I decided I wanted to become a writer after reading the last page of Krakauer’s Into the Wild. Ideas were always my passion and I needed a canvas. The short story became that canvas. Through this format, I could get the ideas down as efficiently and profoundly as possible. Then I’d read them right after I finished, and I’d put them straight in the trash. I enjoyed being my own editor because I knew the next short story would be that much closer to what I wanted.
After reading Into the Wild, I found myself adopting an undying desire to discover what nature was at its core. This curiosity led me to Wordsworth. The perfection of craft in “Lines Composed a Few Miles above Tintern Abbey” changed my world. That connection between youth and nature romanticized my New York City-smogged brain. The trips up to my grandmother’s farmhouse in Upstate New York would become a deep excursion into a Wordsworth poem or into Into the Wild itself. I was Chris McCandless. I was the young man escaping from the ebb and flow of city life. I was the kid Krakauer was writing about.
It wasn’t until college that I attempted to write my first novel. So many books had inspired me to do it. Allstars like The Great Gatsby, Catcher in the Rye, Cat’s Cradle, The Sun Also Rises, and even Brown’s Deception Point helped me get there. Films did, too. I couldn’t keep my eyes off Welles’ Citizen Kane, or Anderson’s There Will Be Blood, or Kubrick’s The Shining, Eyes Wide Shut, and Barry Lyndon. “Time for the endurance ride,” I told myself. “Let’s go for the novel.”
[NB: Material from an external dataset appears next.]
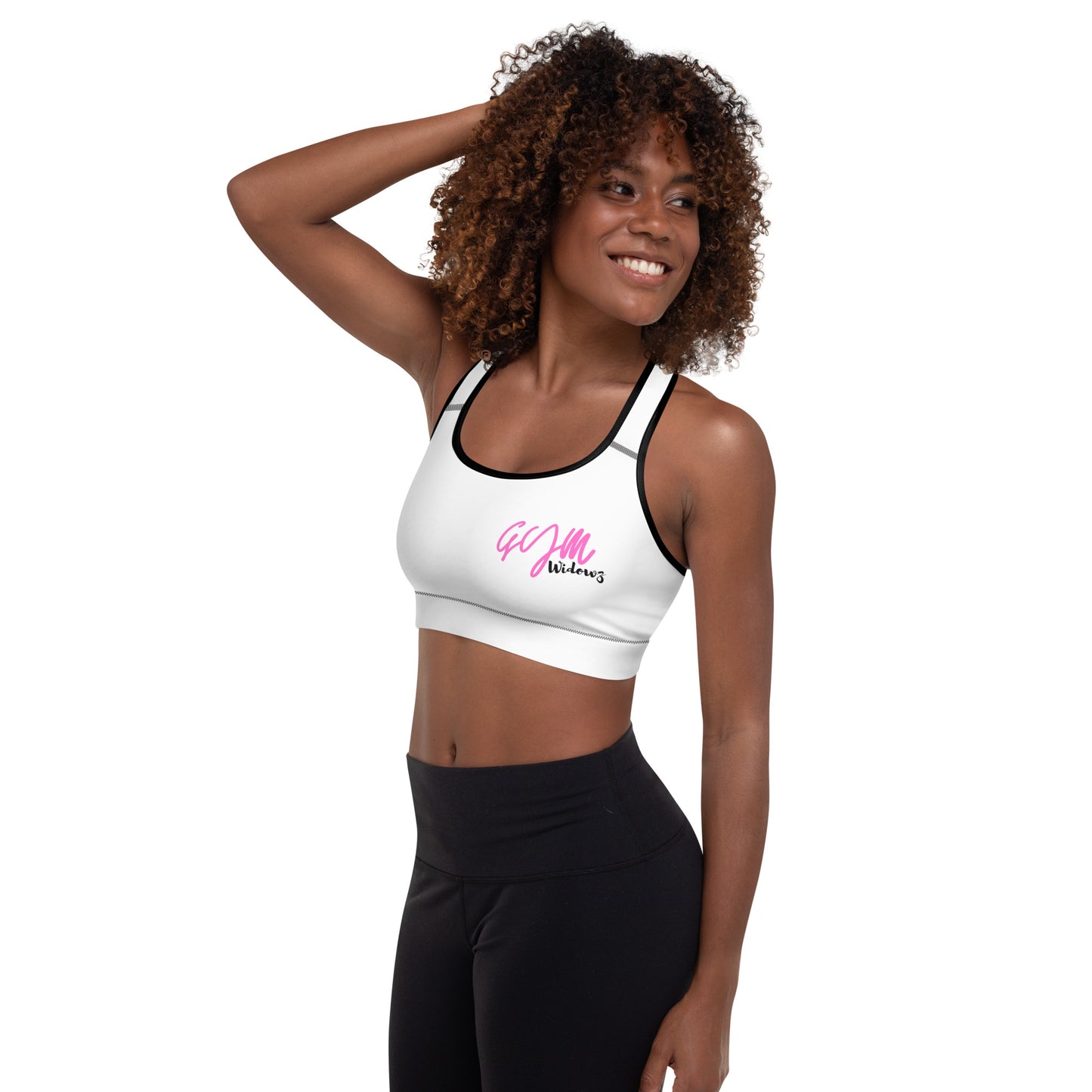 GymWidowz Padded Sports Bra - White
That process began the summer before I went to college and it ended the beginning of that following year. New to the agenting process, I sent my book out to every literary agency I could find. A few weeks later I received a request for my manuscript. Unable to fully comprehend what this meant, I sent the manuscript straight away to this agent, along with all the heart palpitations. Less than a month later, John Ware called me back.
“How old are you?” he asked.
“Nineteen,” I answered.
“Well, I guess you’ll be my youngest client ever.”
The words in my head didn’t match the words coming out of my mouth. He could tell how surprised I was. And he could tell how much more surprised I was when he talked a little about himself and his client list. I couldn’t believe it. It was too good to be true, as they say. This agent—the guy who I was talking to in my dorm room—was also Krakauer’s agent. No freakin’ way!
John became my mentor and my guiding light in the creative process. I worked with him until his unexpected death in April of 2013. The loss was beyond defeating for a college kid starting a professional writing career. And the death of a mentor turned off the burner of my inspiration and creative energies. It was time to put down this first novel of mine. It was time to focus more on college—those awful Faulkner classes.
Since then, I’ve updated and enhanced my first novel. I let time and experience grow it naturally. In between this writing, I became a copywriter for a few major ad agencies. I saw my work at Cannes, and I won other awards for creating an emergency app for the deaf, known as DEAF911. I also won awards across the world for my ThrownOutFlag campaign. This was an awareness campaign for all the teens in the world who are thrown out of their homes simply for having the courage to come out to their parents. The tattered rainbow flag became the campaign’s symbol for homeless teens.
Copywriting became a passion of mine and it helped me become a better thinker and a better writer. I used much of this advertising DNA to angle my thoughts and sharpen character and plot development in my novel. I believe this all led to one thing—HELL OF HOSANNA. It took a decade. But it was well worth it.